=== Dataset extract ===
________________________
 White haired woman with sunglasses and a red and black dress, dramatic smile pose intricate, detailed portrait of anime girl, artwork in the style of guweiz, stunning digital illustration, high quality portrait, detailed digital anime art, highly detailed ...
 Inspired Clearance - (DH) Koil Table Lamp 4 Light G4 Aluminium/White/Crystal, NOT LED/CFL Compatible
________________________
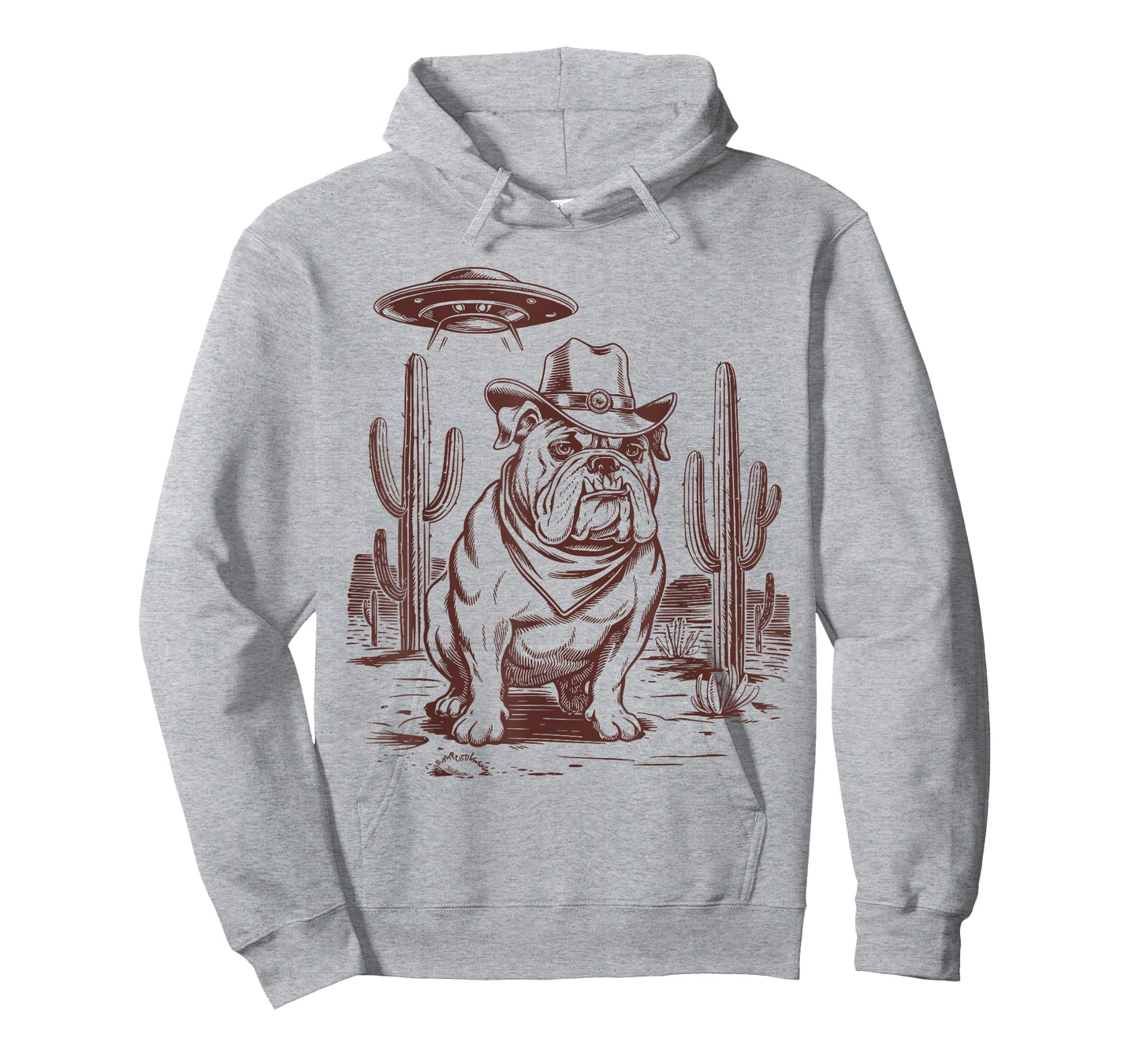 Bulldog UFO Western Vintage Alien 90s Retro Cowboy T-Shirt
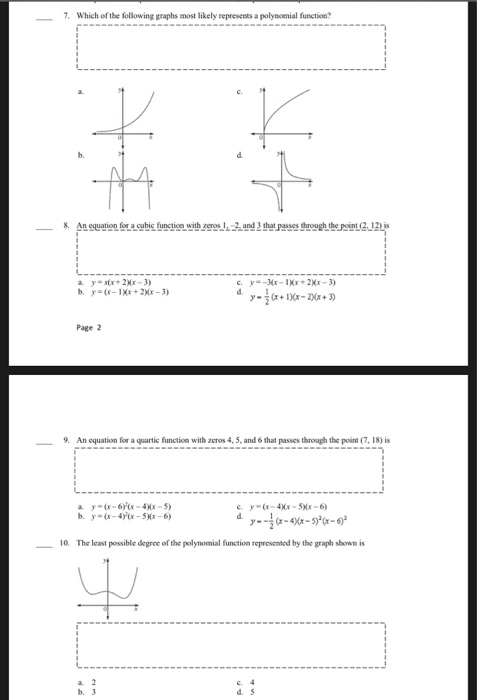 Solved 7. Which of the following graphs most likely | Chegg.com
________________________
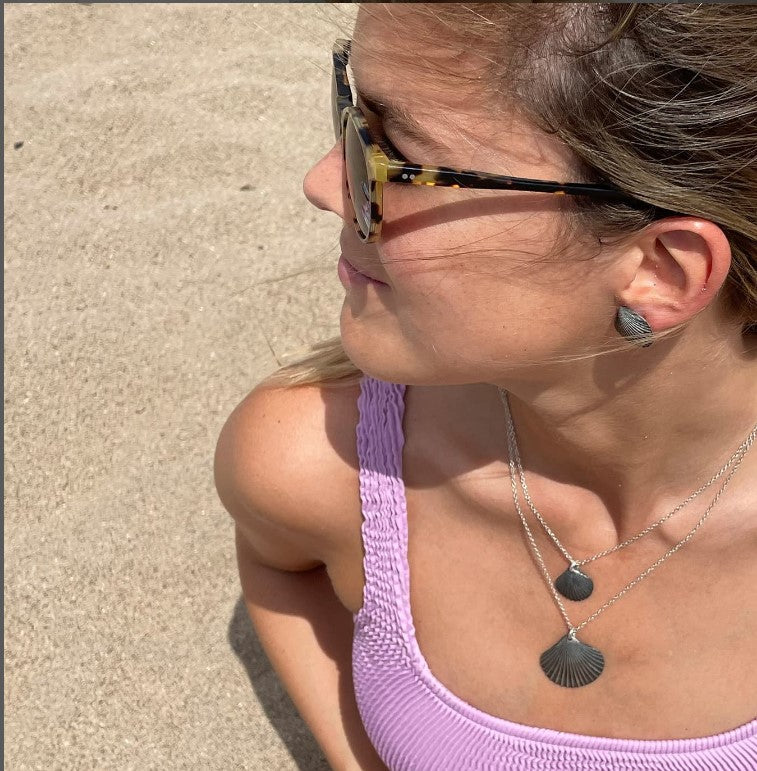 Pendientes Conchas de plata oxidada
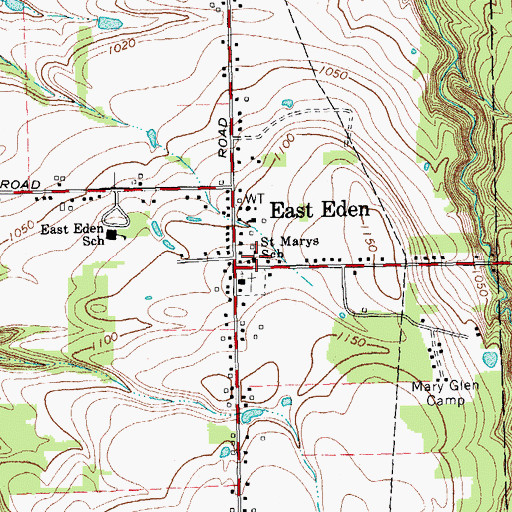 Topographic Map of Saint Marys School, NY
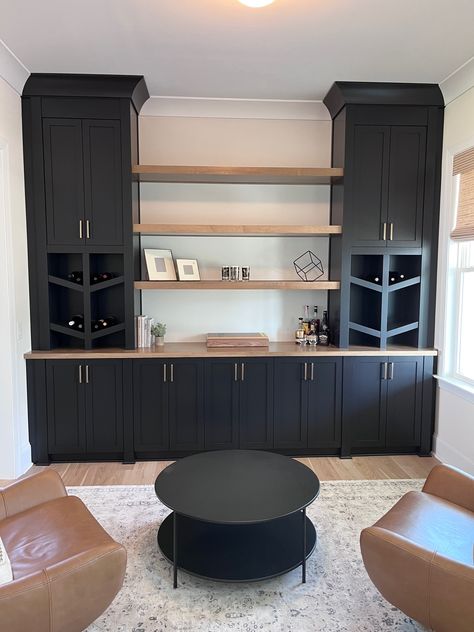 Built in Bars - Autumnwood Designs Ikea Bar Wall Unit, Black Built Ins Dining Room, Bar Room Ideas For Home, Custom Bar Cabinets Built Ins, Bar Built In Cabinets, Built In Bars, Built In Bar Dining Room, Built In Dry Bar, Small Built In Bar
________________________
=== What the task requires ===
Beginning with the line that has "White haired woman" and ending with the line that has "Inspired Clearance - (DH)", set down the lines above exactly and include no others.

=== Exercise output ===
 White haired woman with sunglasses and a red and black dress, dramatic smile pose intricate, detailed portrait of anime girl, artwork in the style of guweiz, stunning digital illustration, high quality portrait, detailed digital anime art, highly detailed ...
 Inspired Clearance - (DH) Koil Table Lamp 4 Light G4 Aluminium/White/Crystal, NOT LED/CFL Compatible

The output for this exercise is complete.